- **Work to complete**
The records below are to be output exactly, except for their pictures.

- **Input data**
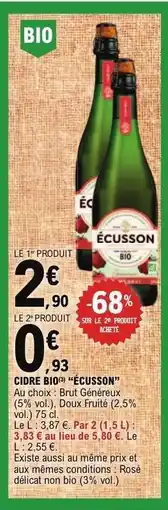 E.Leclerc CIDRE BIO ÉCUSSON offre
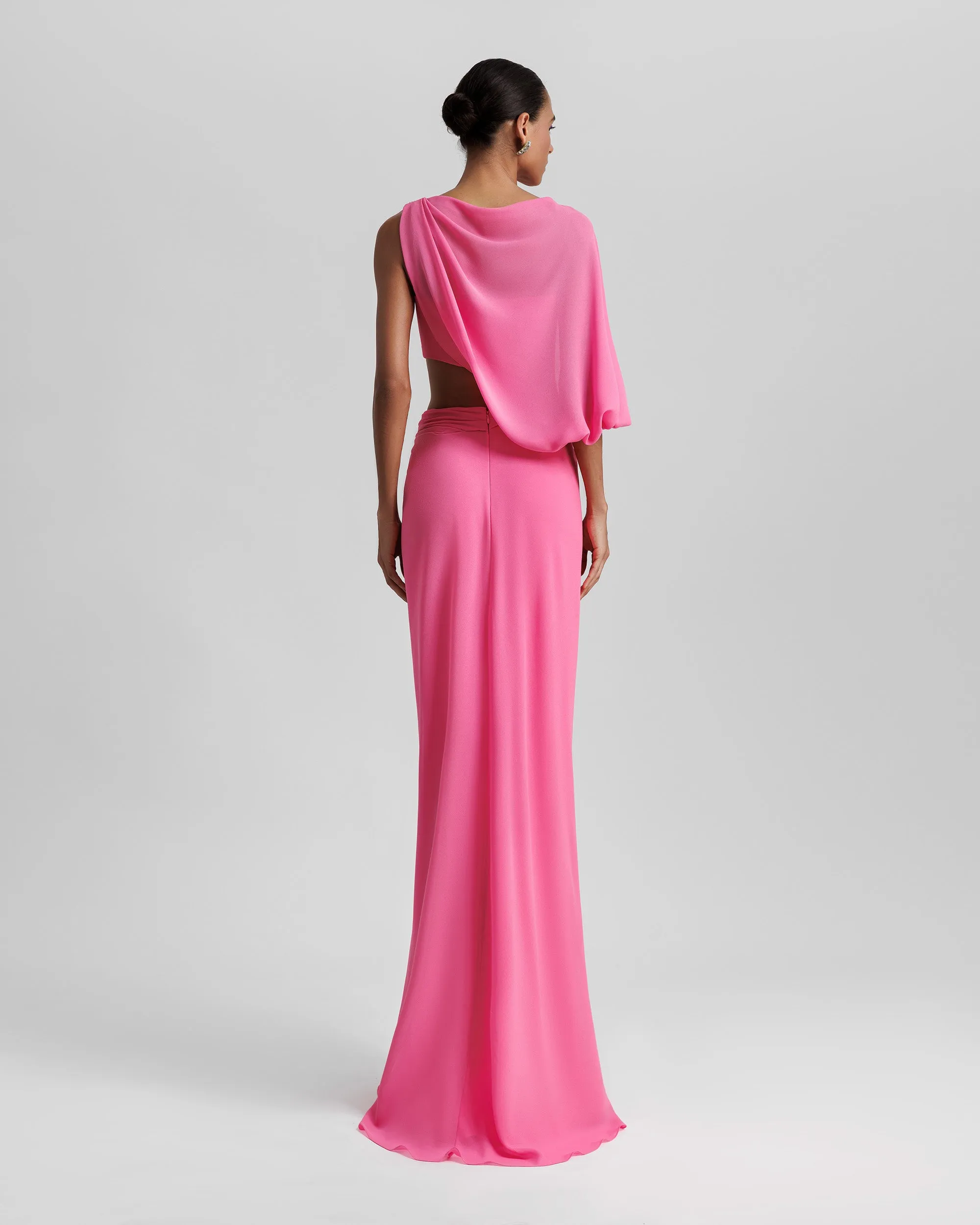One Sleeve Candy Pink Long Dress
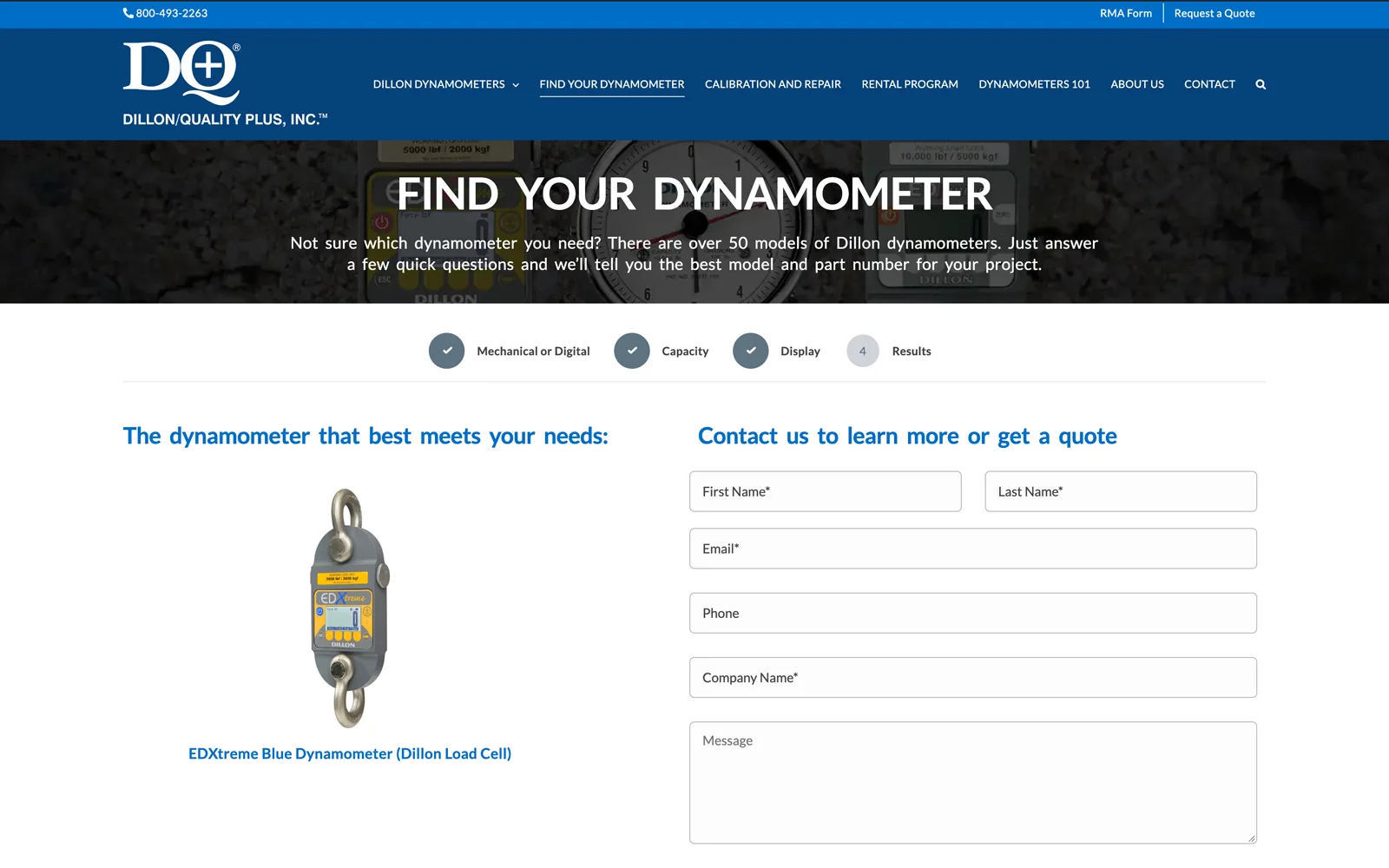 Dillon Dynamometer Finder Results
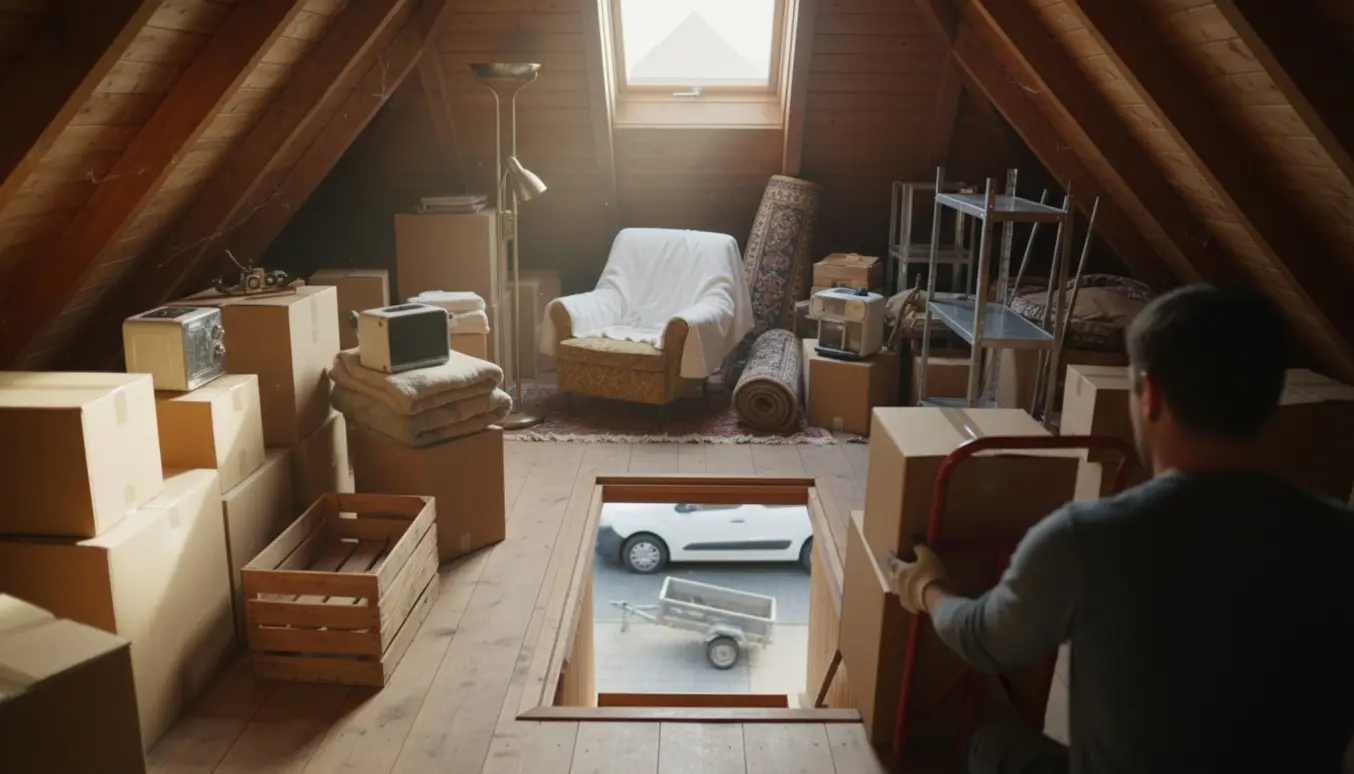 Loftrum fyldt med kasser og møbler, en person set bagfra trækker kasser ned gennem en trappe mod en ventende varevogn.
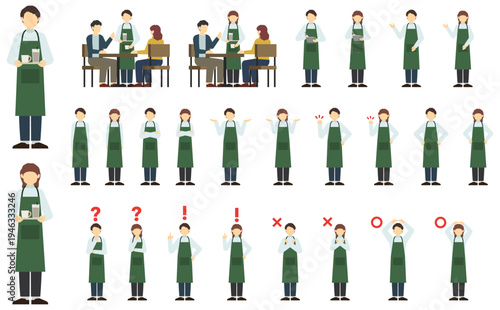 フラットイラスト：男女のカフェ店員セット(正面)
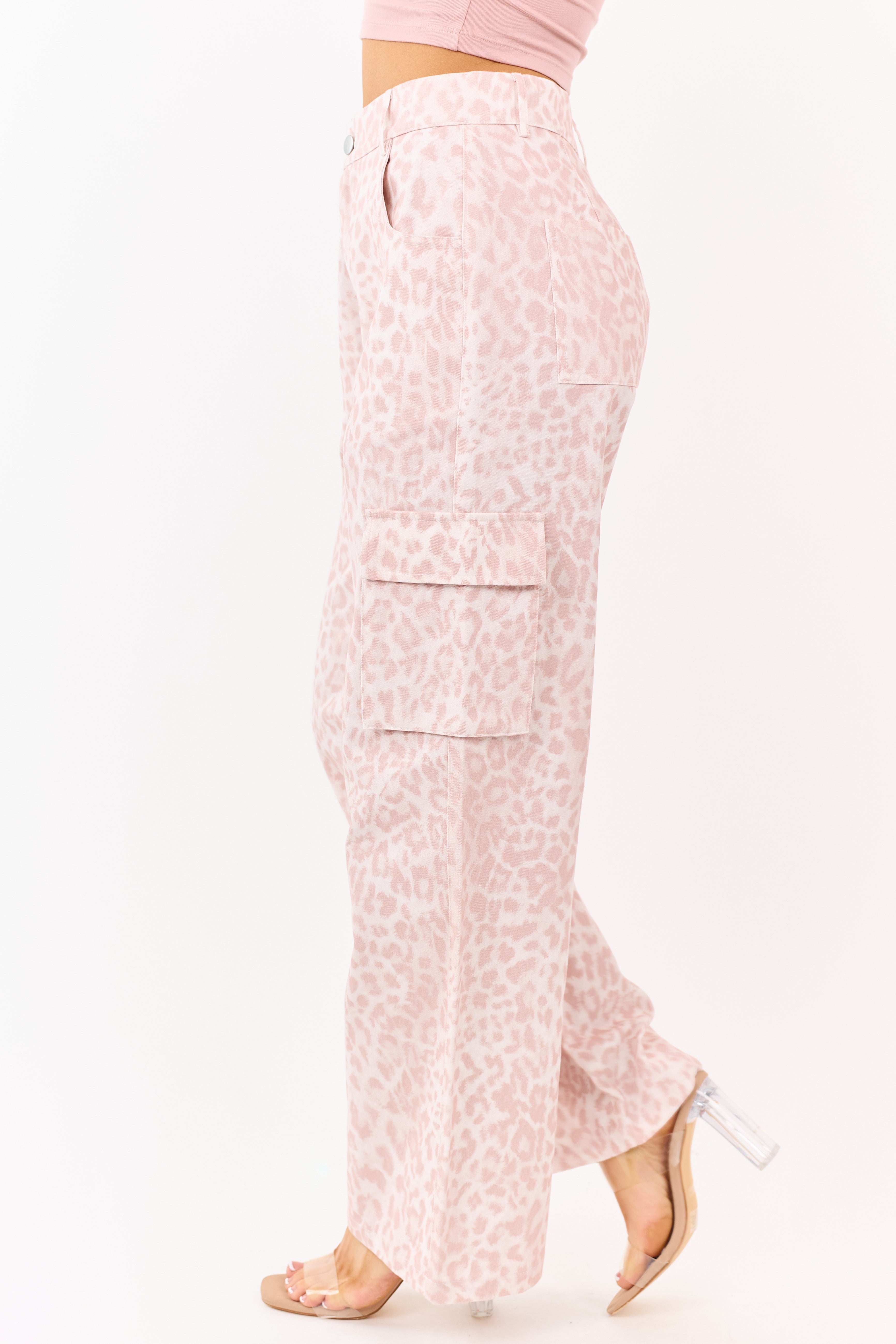 Blush Leopard Print Wide Leg Twill Cargo Pants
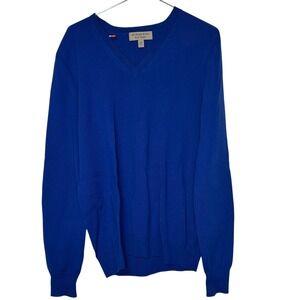 Burberry‎ Mens Sweater Merino Wool Knit Nova Check Elbow Patch V-Neck Blue Small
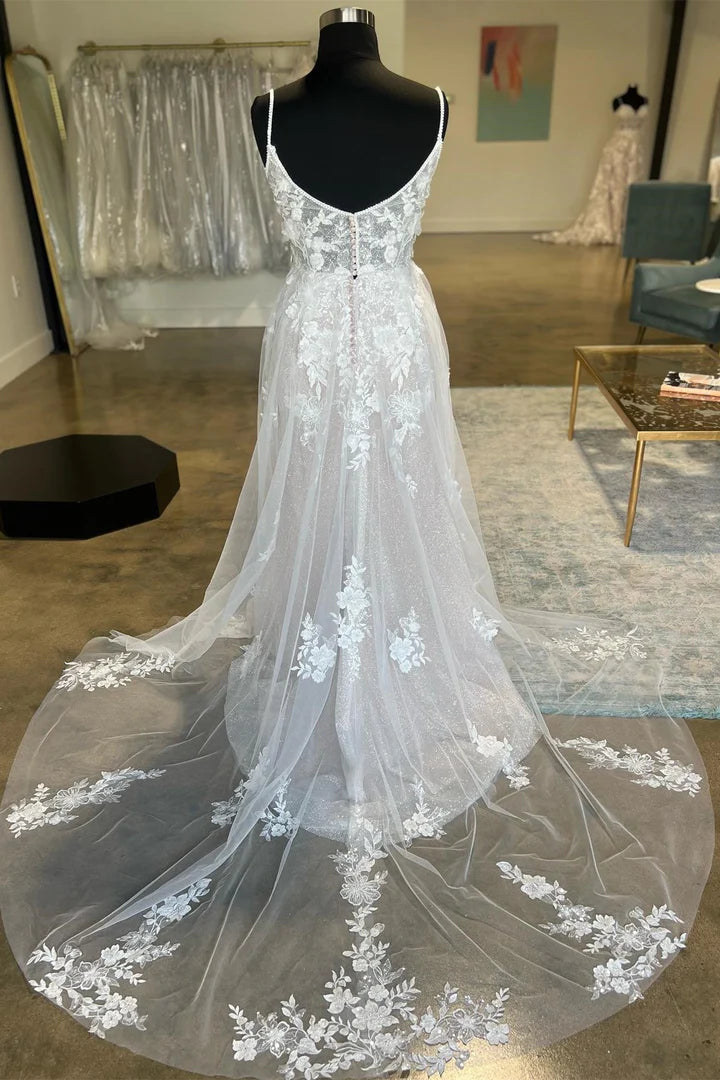Ivory V-Neck Floral Lace Tulle Spaghetti Strap Split Fork Mopping The Floor Long Bridal Gown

- **Your response**
 E.Leclerc CIDRE BIO ÉCUSSON offre
One Sleeve Candy Pink Long Dress
 Dillon Dynamometer Finder Results
 Loftrum fyldt med kasser og møbler, en person set bagfra trækker kasser ned gennem en trappe mod en ventende varevogn.
 フラットイラスト：男女のカフェ店員セット(正面)
 Blush Leopard Print Wide Leg Twill Cargo Pants
 Burberry‎ Mens Sweater Merino Wool Knit Nova Check Elbow Patch V-Neck Blue Small
Ivory V-Neck Floral Lace Tulle Spaghetti Strap Split Fork Mopping The Floor Long Bridal Gown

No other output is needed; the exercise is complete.